- Exercise objective
Starting with the line that has "Progress Lighting Thorpe" in the records below and stopping after the line that has "interior space with a fireplace", output every line exactly and nothing else; skip pictures.

- Dataset records

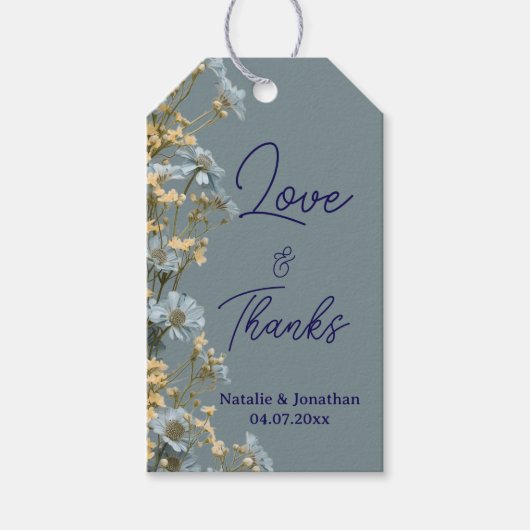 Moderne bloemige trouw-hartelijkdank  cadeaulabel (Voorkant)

--

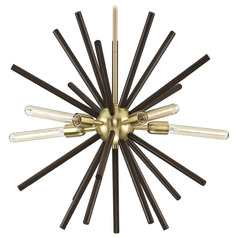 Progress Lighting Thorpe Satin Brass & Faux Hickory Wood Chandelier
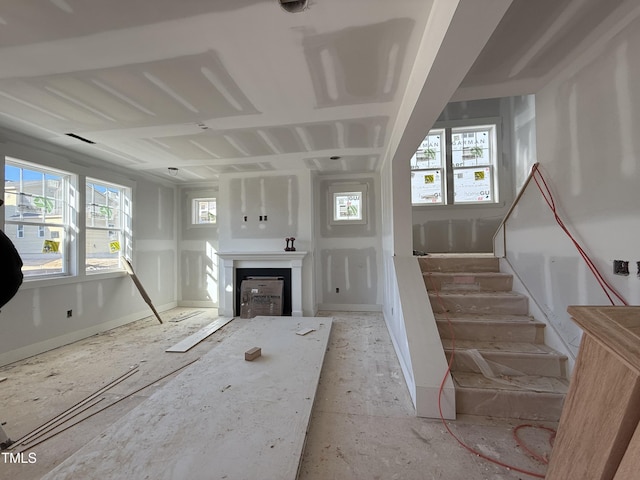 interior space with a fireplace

- Written solution
 Progress Lighting Thorpe Satin Brass & Faux Hickory Wood Chandelier
 interior space with a fireplace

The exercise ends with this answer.